The session opened with a snapshot of current priorities and the relationship between economic development and climate change within local authorities. This varies across councils with some areas having a developed relationship and others taking first steps to explore the connection.

To set the scene, Pamela Smith presented activity and priorities from an economic development perspective, drawing on her experience at Falkirk Council and the Improvement Service, and highlighting the need for a just transition. George Tarvit, Director of the Sustainable Scotland Network, then updated on trends and direction in climate change and sustainable development, drawing on examples from across Scotland.

The recordings of the presentations are below.

Understanding the "Green Recovery" Workshop

Local actions

Smaller discussion groups then focused on what is happening in local areas to deliver a green recovery and explore the gaps and barriers.

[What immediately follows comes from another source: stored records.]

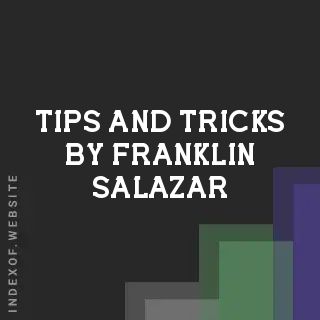 Tips and Tricks by Franklin Salazar | Indexof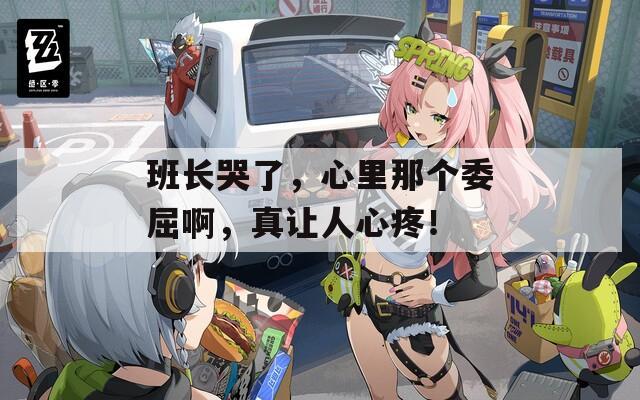 班長哭了，心里那個委屈啊，真讓人心疼！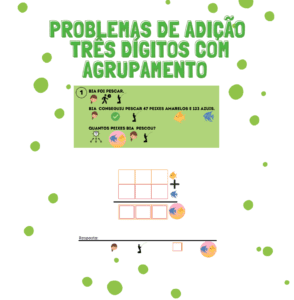 Problemas de Adição três dígitos com agrupamento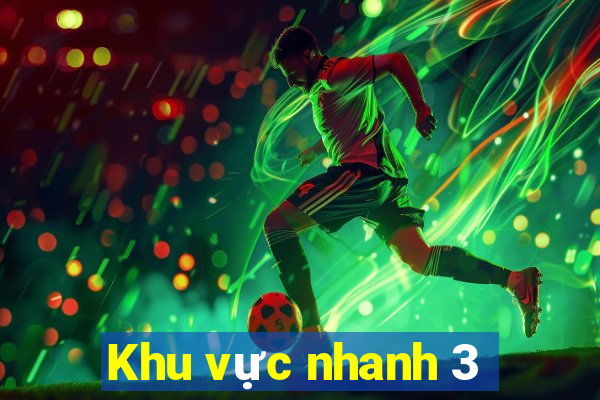 Khu vực nhanh 3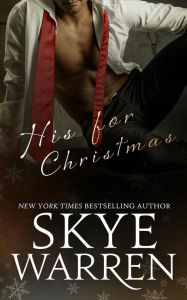 Title: His for Christmas, Author: Skye Warren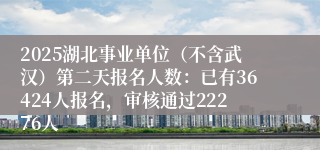 2025湖北事业单位（不含武汉）第二天报名人数：已有36424人报名，审核通过22276人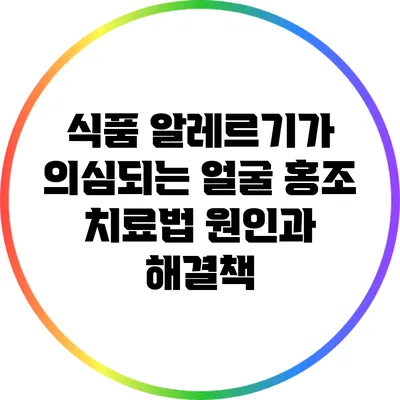 식품 알레르기가 의심되는 얼굴 홍조 치료법: 원인과 해결책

Attendees identified a range of great work happening across Scotland around setting ambitious targets and embedding climate change into other strategies, for example economic strategies, community learning and development plans. However, there are gaps and barriers around political buy in, the need for long term and integrated thinking, funding, and lack of available expertise. Things that could help included events bringing people together, access to resources and knowledge sharing, whole system approaches/alignment of policies and priorities and senior level leadership and support.

Next steps

The workshop concluded with a review of the discussions and scoping next steps. When asked about areas for improvement, attendees identified training and carbon literacy, the need for tools and data analysis, and for further collaboration and integration across local authorities and beyond.

Key actions and ideas to take away were to continue networking both internally across services and with peers, and to continue conversations around what a “green recovery” means in practice.

The event received overwhelmingly positive feedback and the Improvement Service, SSN and SLAED also used the opportunity to understand how to better provide support to local authorities. These ideas are being reviewed and future activity is likely to include holding similar events, exploring opportunities to work beyond local authorities and scoping training opportunities, alongside pulling together key messages for senior leaders and Scottish Government.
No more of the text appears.